Yes, You Can Invest in Commercial Real Estate
There are some common misconceptions about investing in commercial real estate, which result in missed opportunities to build long-term, sustainable wealth. Today, we will debunk two myths that limit how people invest in this sector.
1. Myth: The best way to invest in commercial real estate is through publicly traded real estate investment trusts.
Perhaps the most common way that people invest in commercial real estate is through publicly traded real estate investment trusts (REITs). However, this is simply due to the fact that investors are unaware of the opportunities for direct ownership of commercial real estate assets and unaware of the limitations of REITs. Publicly traded REITs are more highly correlated to stocks than to direct ownership of commercial real estate. Also, the share price of REITs fluctuates, similarly to stocks, as it is subject to the same market dynamics. A REIT may trade higher or lower than the value of its underlying assets.
A more advantageous way to invest in commercial real estate is through direct (private) ownership. Private commercial real estate has low or negative correlations to stocks and bonds because real estate is relatively illiquid, trades infrequently, and is not prone to speculation. This makes private commercial real estate a strong diversifier that dampens portfolio volatility. Direct ownership of commercial real estate can be facilitated through passive investing in what are known as syndicated investments.
The Jumpstart Our Business Startups (JOBS) Act of 2012 resulted in changes that have brought attention and accessibility to syndicated investments. The growth of syndicated investments is also attributable to the increasing number of investors who desire to reduce their exposure to—or completely separate from—the volatile stock market by investing in real estate that generates income with tax efficiency.
By neglecting syndicated investments in commercial real estate, investors miss out on compelling investment opportunities, and this hinders their ability to build wealth and generate cash flow. Many investors wish they had started sooner to enjoy the advantages of appreciation, cash flow and tax benefits.
2. Myth: Investing in syndicated commercial real estate is exclusively reserved for the "top 1%" and ultra high-net-worth individuals and families.
It is widely known that many of the ultrarich have invested or generated a substantial portion of their wealth through commercial real estate. As a result, many retail investors are under the belief that these investments are not accessible to them, and some do not take even take the time to learn about the sector. In fact, these investments are absolutely accessible to accredited investors and most sophisticated investors.
Historically, institutional and wealthy investors dominated the commercial real estate space. This is no longer the case. In the last several years, the growth of online crowdfunding platforms and private equity companies raising investor capital via syndications now make it readily accessible for motivated investors to become involved in commercial real estate.
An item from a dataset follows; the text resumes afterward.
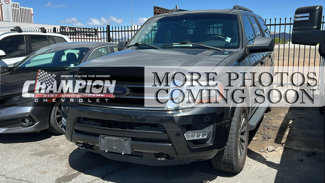Used 2015 Ford Expedition XLT image 1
The practice of people partnering and pooling capital to acquire or construct real estate assets has taken place for centuries. Real estate entrepreneurs (known as sponsors or syndicators) that constructed these deals (known as syndications) would share their opportunities with like-minded "passive" investors. This partnership, or syndicate, allowed all involved parties to have more buying power than they would have on their own to pursue deals that facilitated direct ownership of income-producing assets. One of the most well-known syndicated real estate deals occurred in 1961, when the famous real estate attorney Larry Wien and his partners purchased the Empire State Building in New York City. They raised $33 million by selling 3,300 units at $10,000 per unit.
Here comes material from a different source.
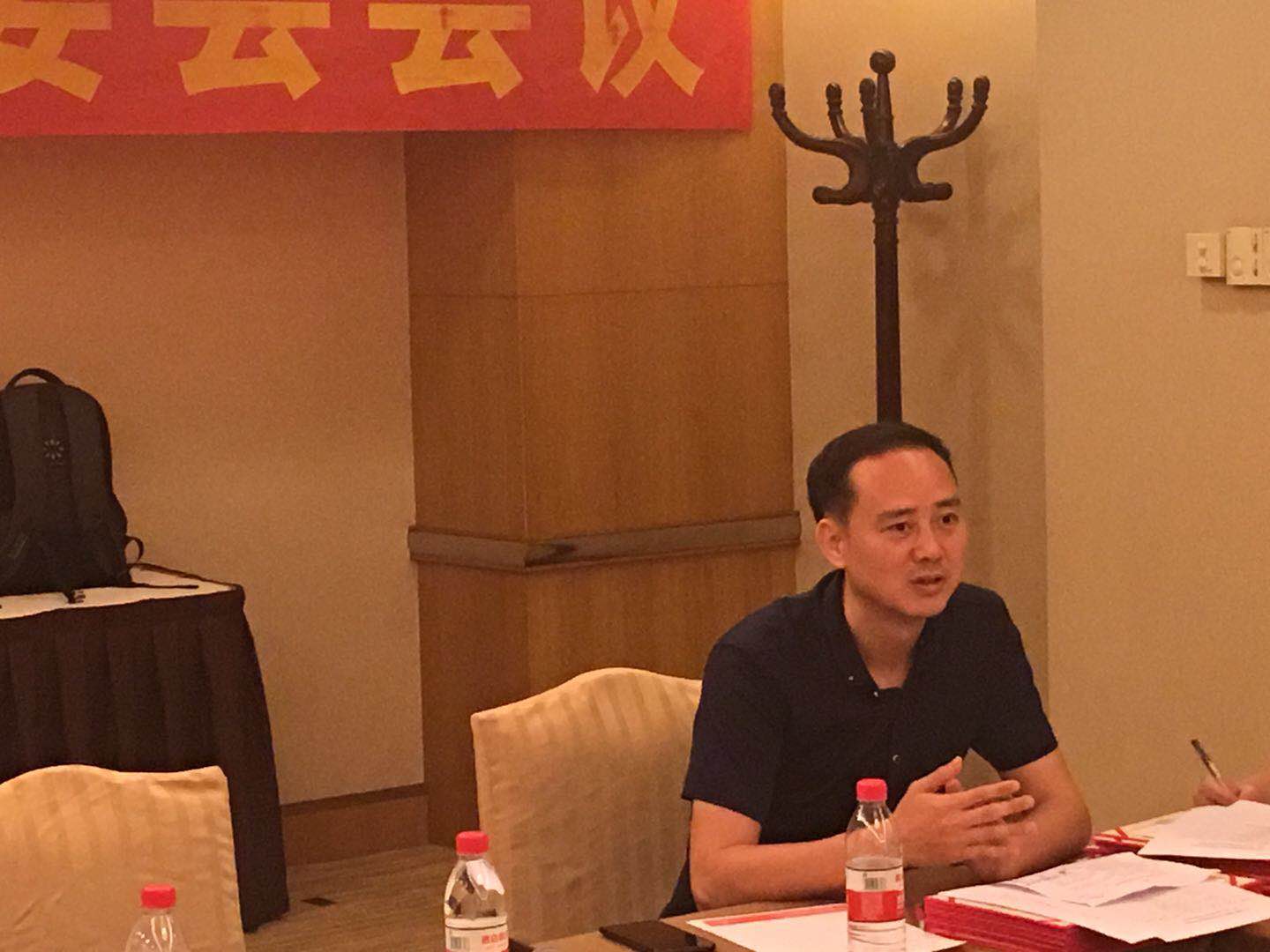 huang.jpg huang.jpg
In a syndicated real estate investment, the sponsor consists of one or more partners working as the management team and pooling capital from investors. The sponsor contributes the "intellectual capital" and is responsible for all the decision-making and work involved with delivering the forecasted investment return to the investors. Because the investors have no responsibility to manage the details of the investment, the investors' involvement is considered passive. Investing in a syndication can provide passive investors with several perks:
- Benefit from the sponsor's efforts to produce the investment opportunity
- Ability to invest with others and pool capital to invest in more significant transactions
- Pursue greater investment returns due to larger transaction size
- Save time and eliminate potential liability by having a passive role in the opportunity
When investors realize that they are able to passively invest in commercial real estate, then they wish they had started sooner. Investors in commercial real estate can benefit from a combination of appreciation and cash flow, and they enjoy a more favorable investment on a risk-adjusted basis than both stocks and bonds.